**RAW DATA:**
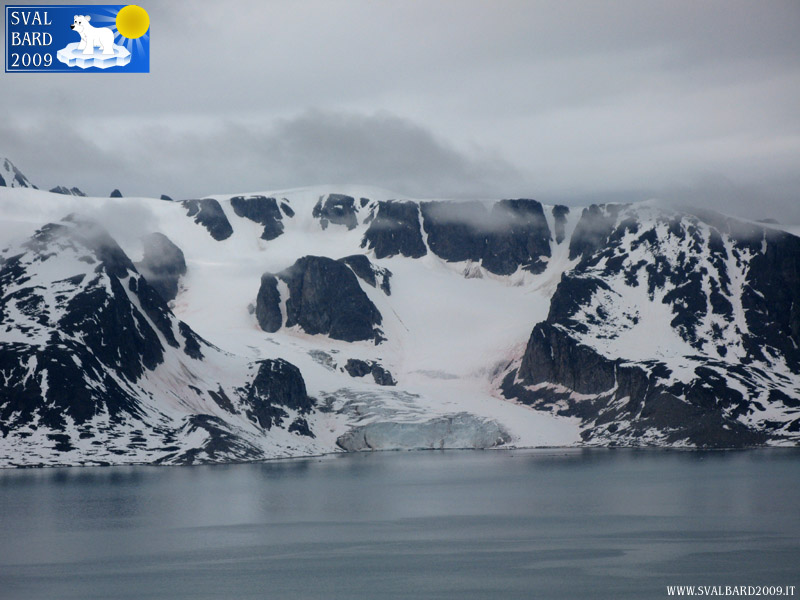 Neve rosata nel Raudfjord
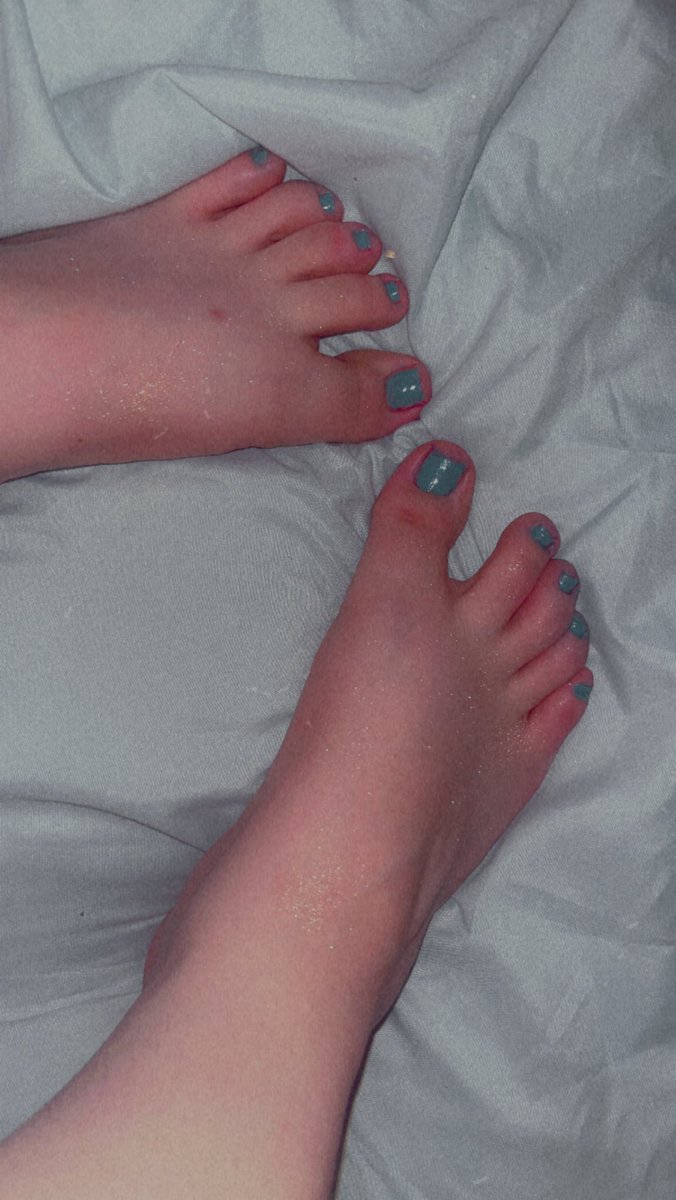 StacieXJames's tweet photo. Dm and check out FF for more content 🦶🏼💦  ( StacieXJames) 

#chudai #18 #snowbunny #bbc #feet #toes #findom #feetfinder #OF #pinksoles #cleanfeet #dirtyfeet #dmme https://t.co/saEeCwBbcY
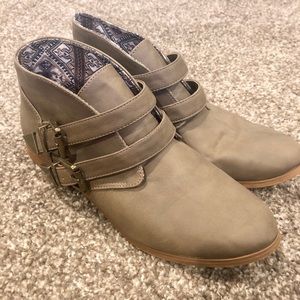 Volcom Brown Booties 9 1/2
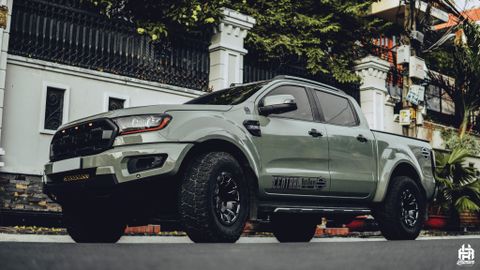 Bán tải Ford Raptor màu Khaki Green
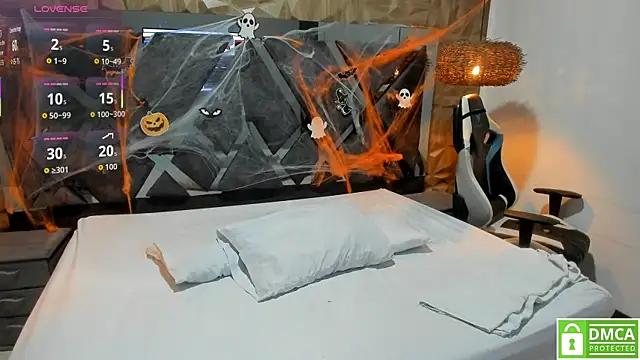 Rose Evans   online show from November 2, 5:01 am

**PROBLEM TO WORK ON:**
Write out the lines that run from the line containing "Volcom Brown Booties 9 1/2" to the end of the entries, inclusive, exactly as written. Skip every picture.

**RESPONSE AREA:**
 Volcom Brown Booties 9 1/2
 Bán tải Ford Raptor màu Khaki Green
 Rose Evans   online show from November 2, 5:01 am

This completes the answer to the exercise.